■ Supplied data
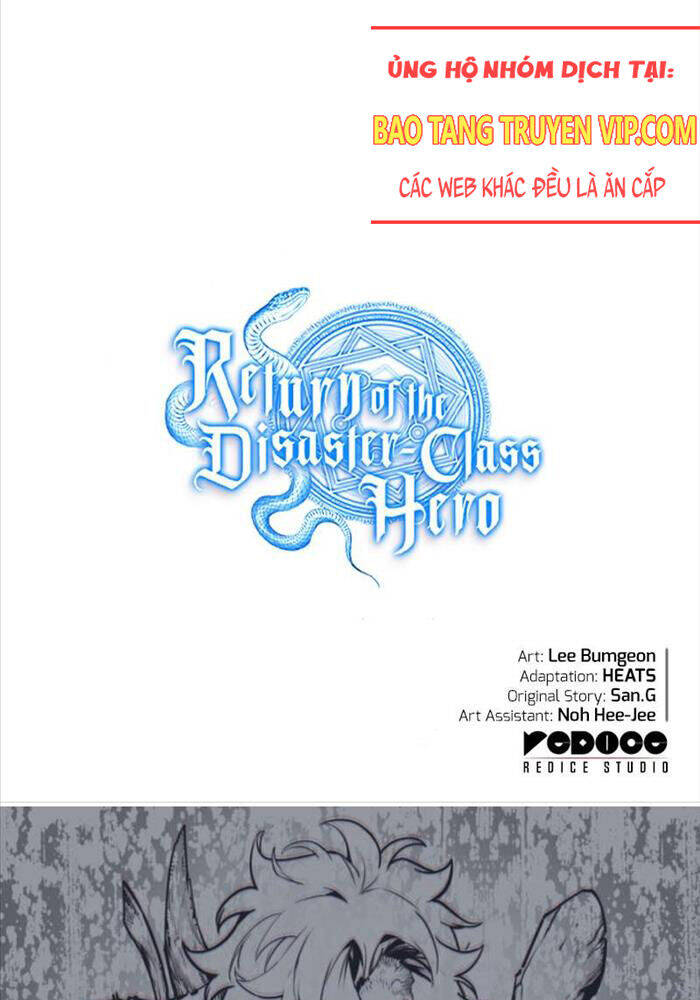 Vị Vua Mạnh Nhất Đã Trở Lại Chap 100 - Next Chap 101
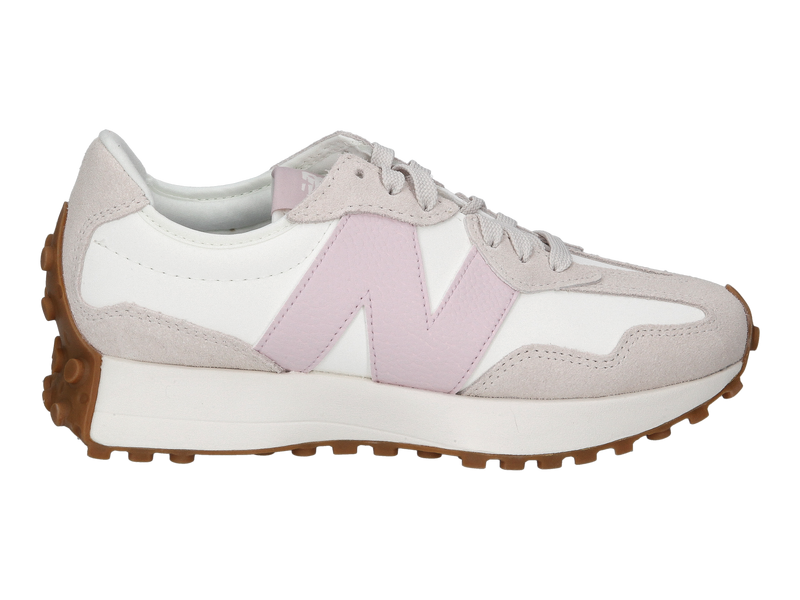 View product 'New Balance Sneakers Rose' New Balance Sneakers Rose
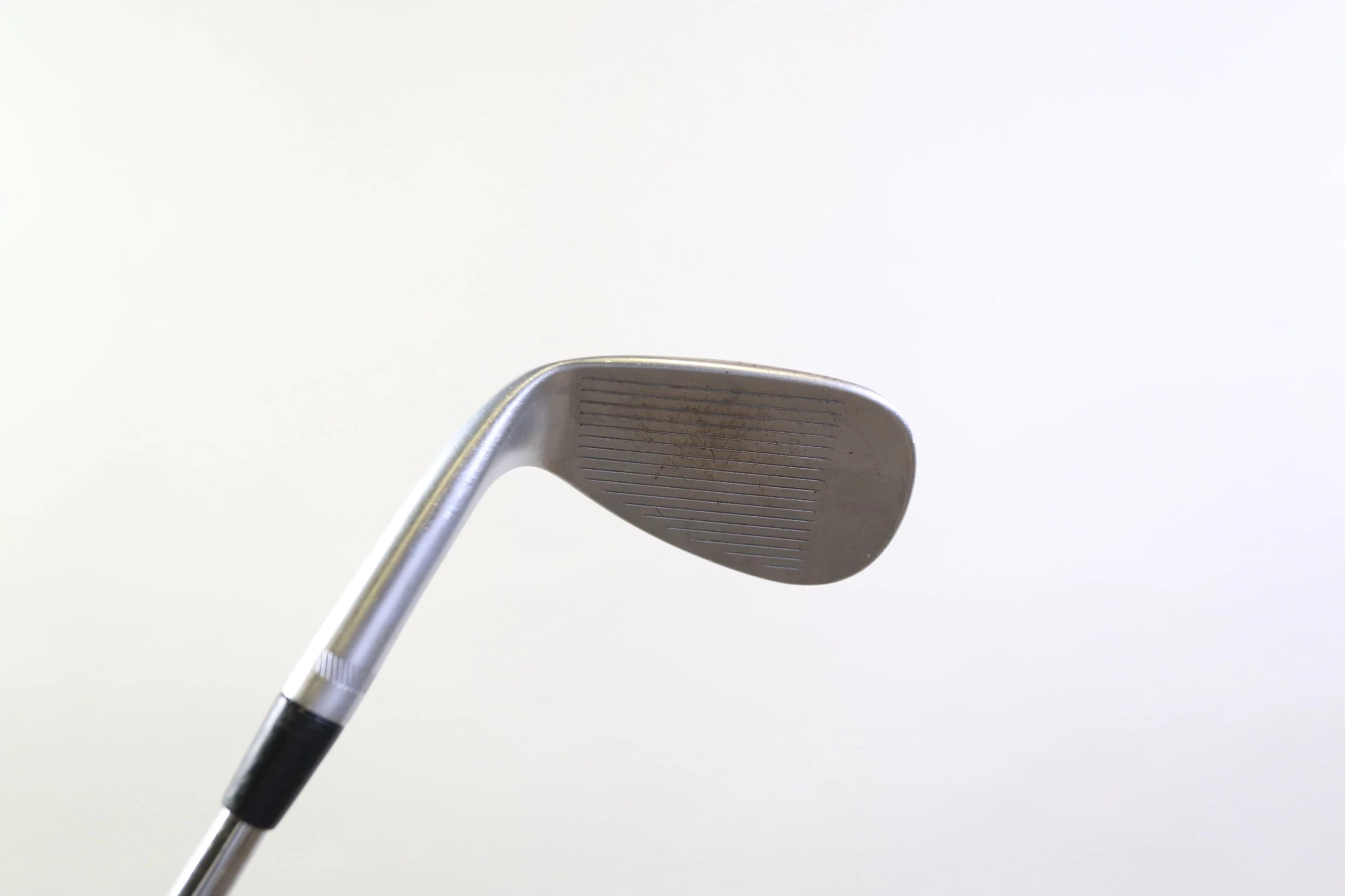 Titleist Vokey SM4 Tour Chrome Sand Wedge 54* RH 35 In Steel Shaft Stiff Flex - Image 2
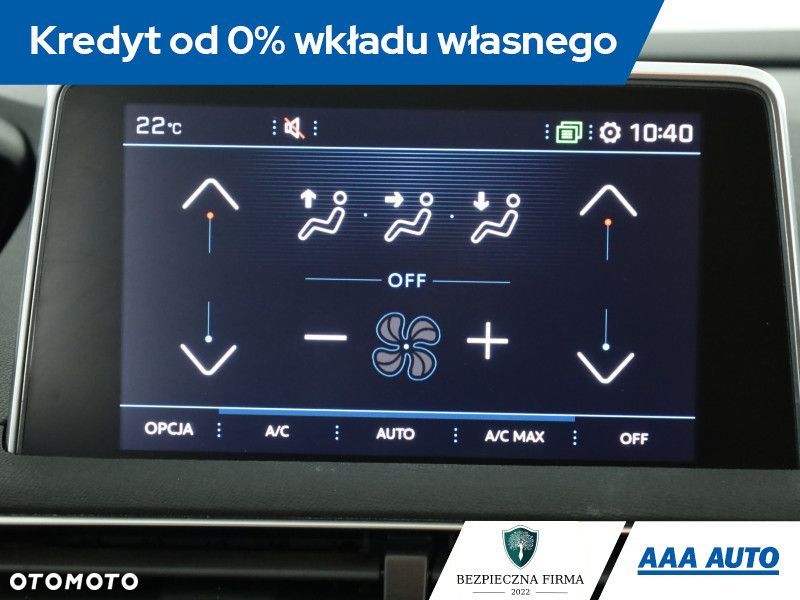 Peugeot 3008 - 13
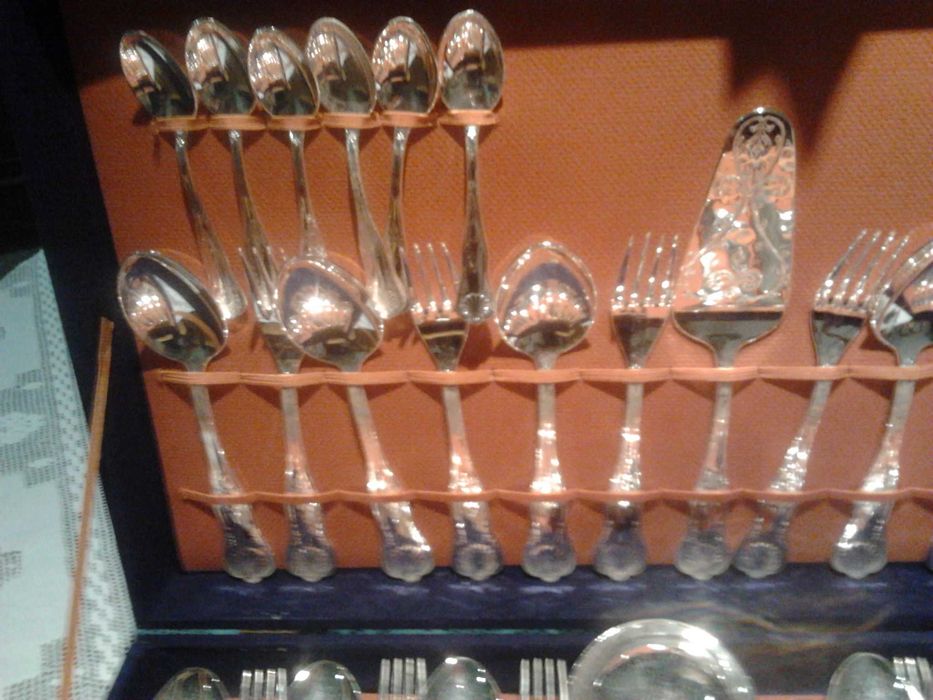 Faqueiro silver plated64585629729538121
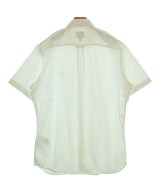 Brooks Brothers Red Fleece（ブルックスブラザーズレッドフリース）カジュアルシャツ 白 サイズ:M メンズ/2200606741118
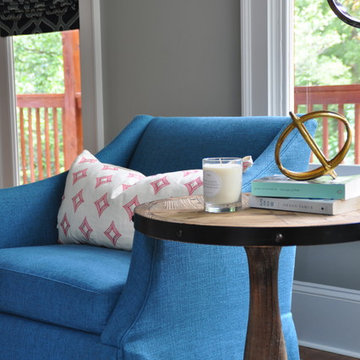 Living Rooms - GordonDunning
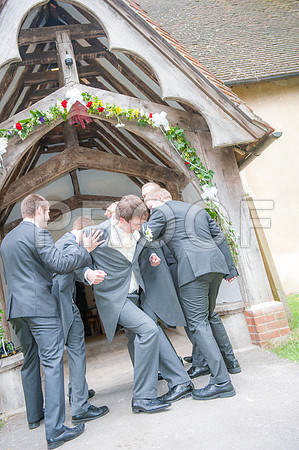 Bailey wed_116
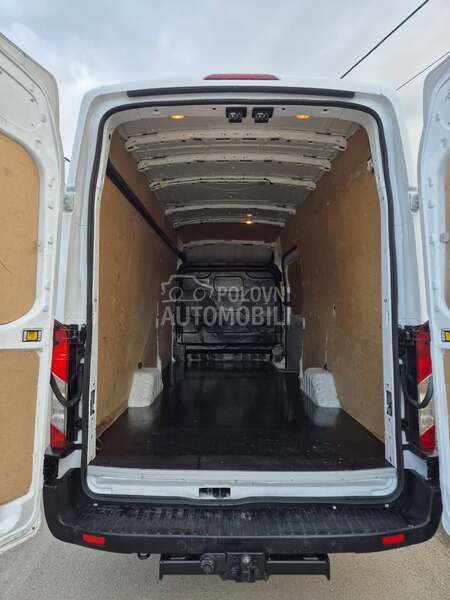 Ford Transit L4/H3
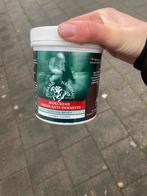 Mokcreme, Ophalen, Nieuw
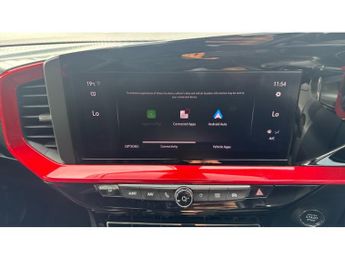 Vauxhall Mokka 100kW GS 50kWh 5dr Auto Electric Hatchback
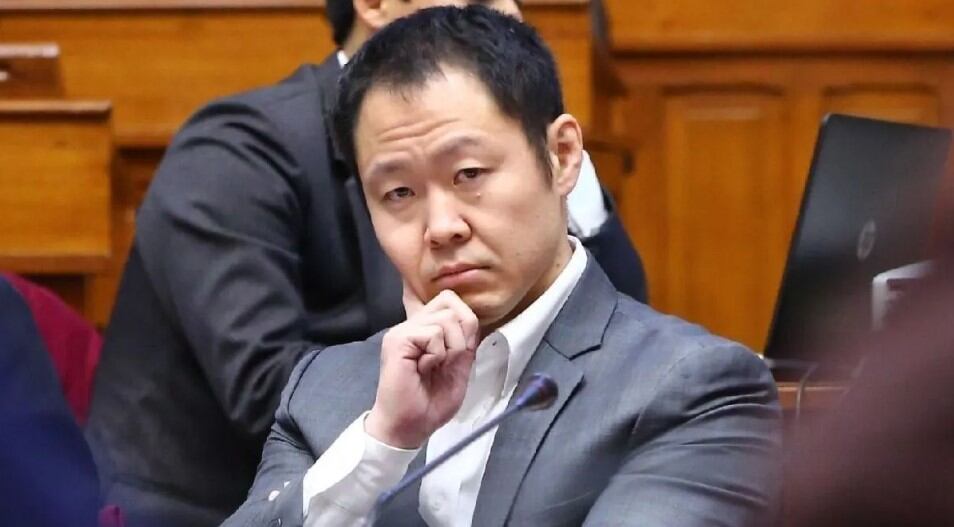 Kenji Fujimori deberá cumplir con las reglas de conducta ordenadas por el Poder Judicial. Foto: difusión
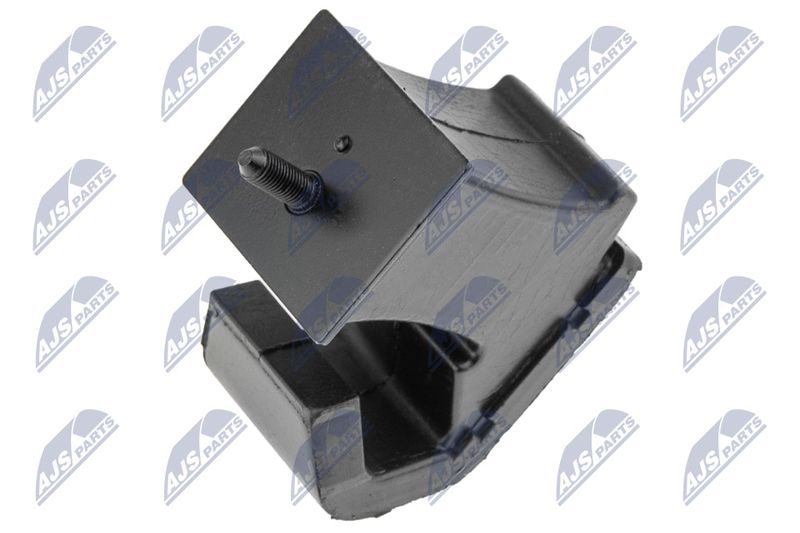 Łożyskowanie silnika NTY ZPS-NS-078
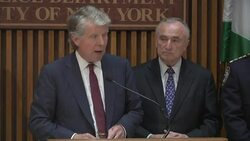 Authorities in NYC announced the indictments of 103 members of three violent street gangs that engaged in a bloody turf war in West Harlem. The alleged violence includes two homicides, at least 19 non-fatal shootings, and dozens of other crimes. (June 6) Instructional Video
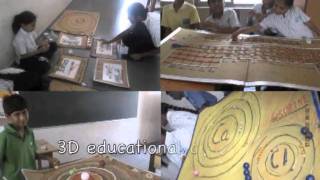 J G International school Ahmedabad [upl. by Evante]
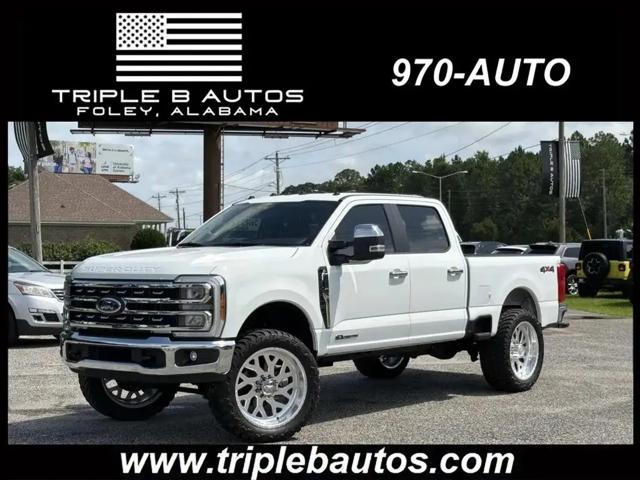 2025 Ford F-250 XL for sale in Foley, AL
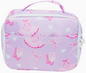 Nylon Lunch Box (Bows & Ballets)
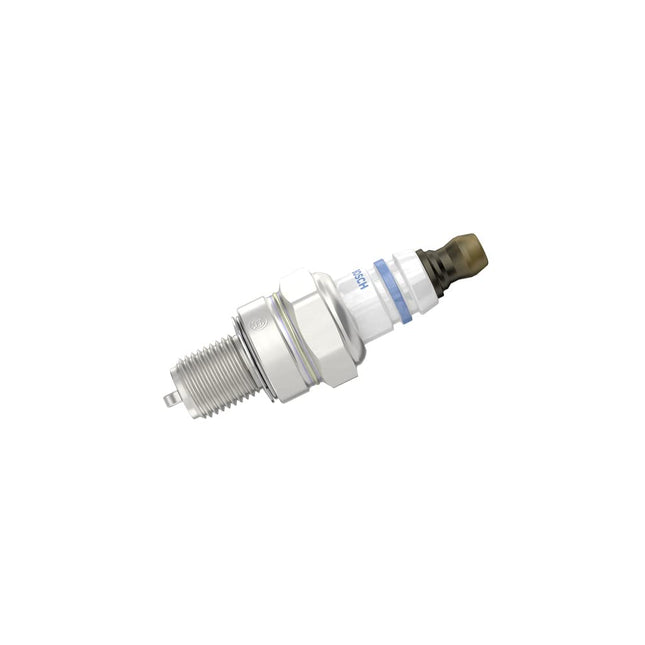 Bosch USR7AC - Spark Plugs for gardening and fores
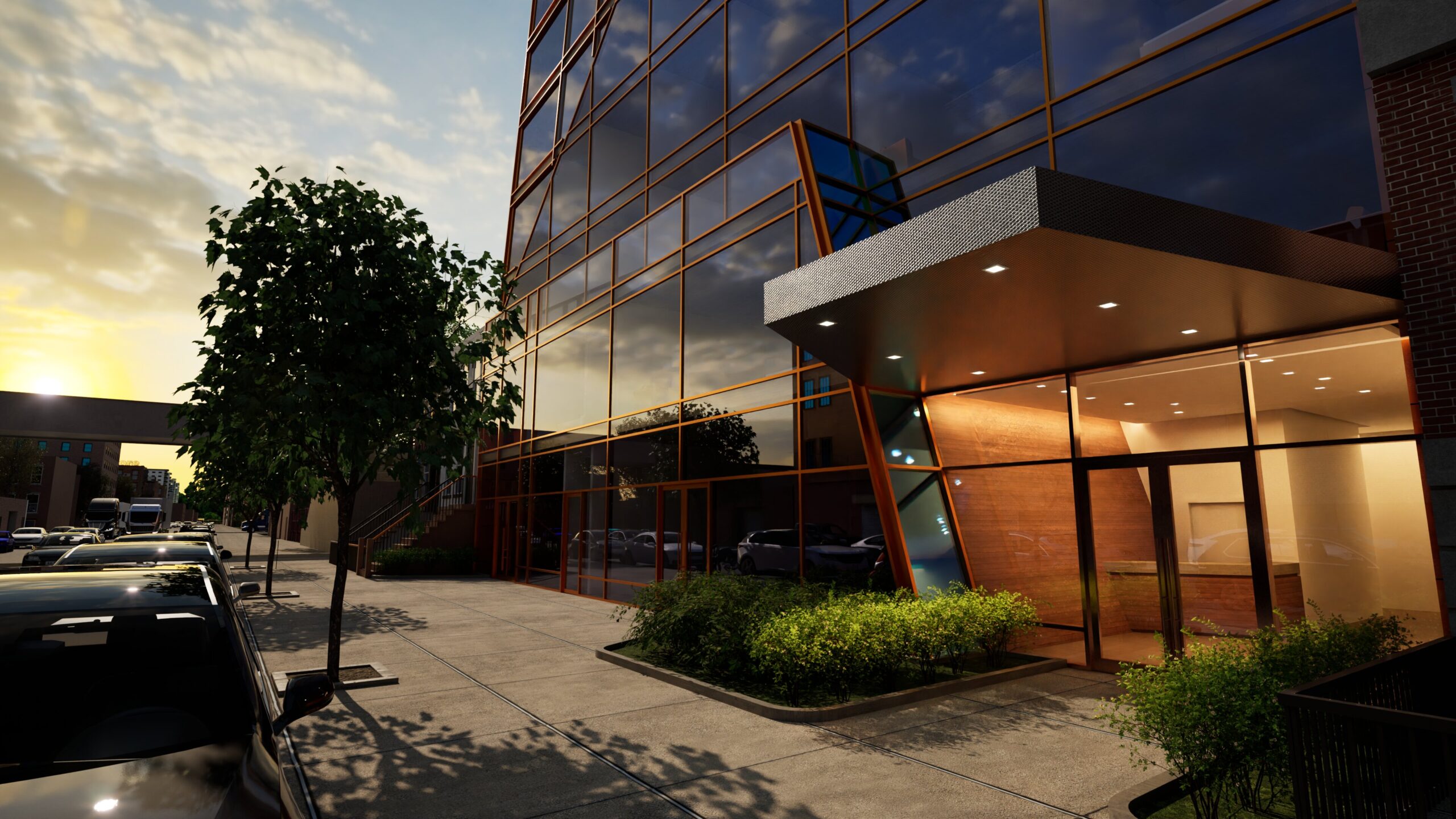 RENDERING 01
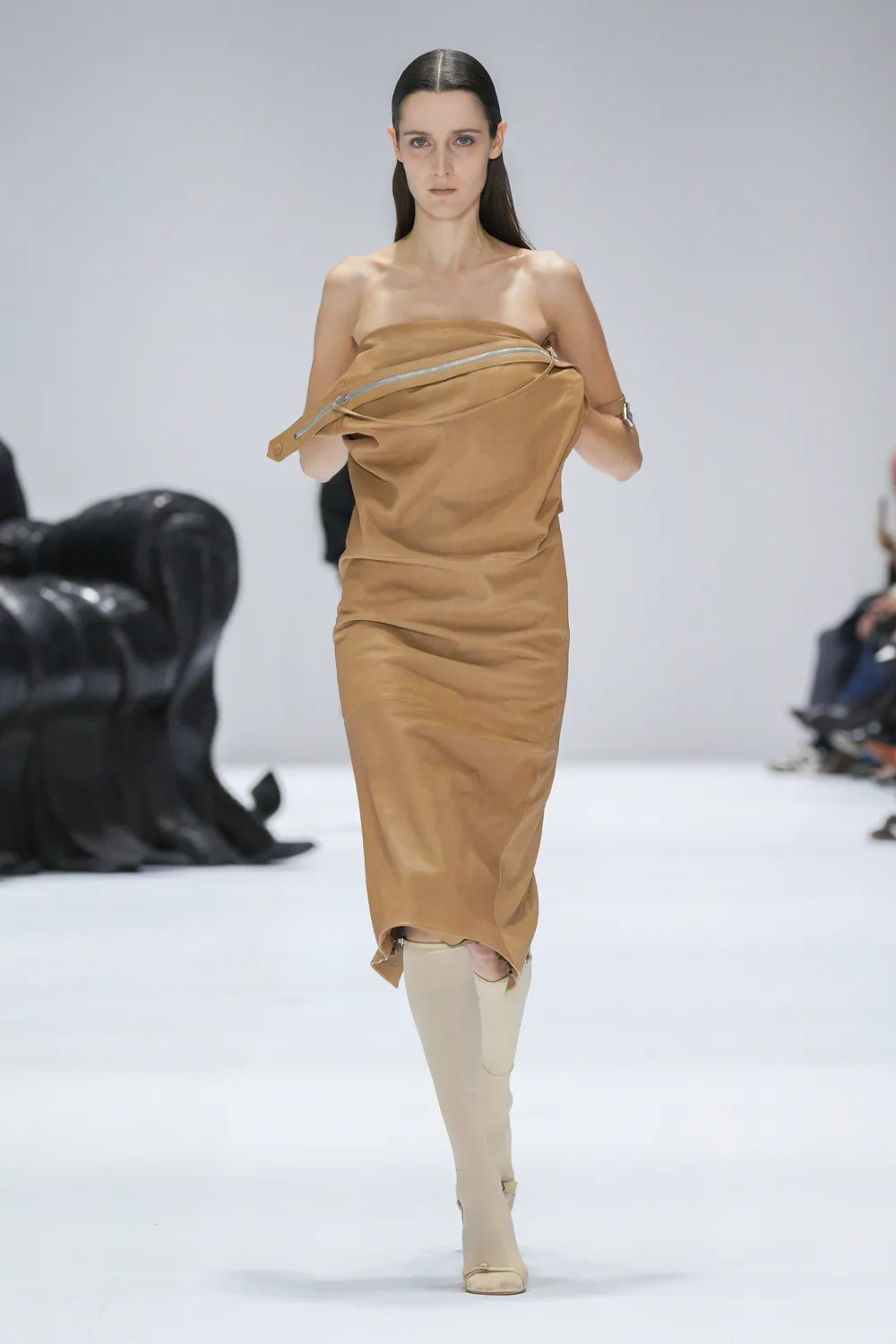 Acne Studios 2024-25 Sonbahar/Kış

■ Task objective
Reproduce the data above exactly, but only from the line containing "Brooks Brothers Red" through the line containing "Łożyskowanie silnika NTY ZPS-NS-078"; skip the pictures.

■ Response
 Brooks Brothers Red Fleece（ブルックスブラザーズレッドフリース）カジュアルシャツ 白 サイズ:M メンズ/2200606741118
 Living Rooms - GordonDunning
 Bailey wed_116
 Ford Transit L4/H3
 Mokcreme, Ophalen, Nieuw
 Vauxhall Mokka 100kW GS 50kWh 5dr Auto Electric Hatchback
 Kenji Fujimori deberá cumplir con las reglas de conducta ordenadas por el Poder Judicial. Foto: difusión
 Łożyskowanie silnika NTY ZPS-NS-078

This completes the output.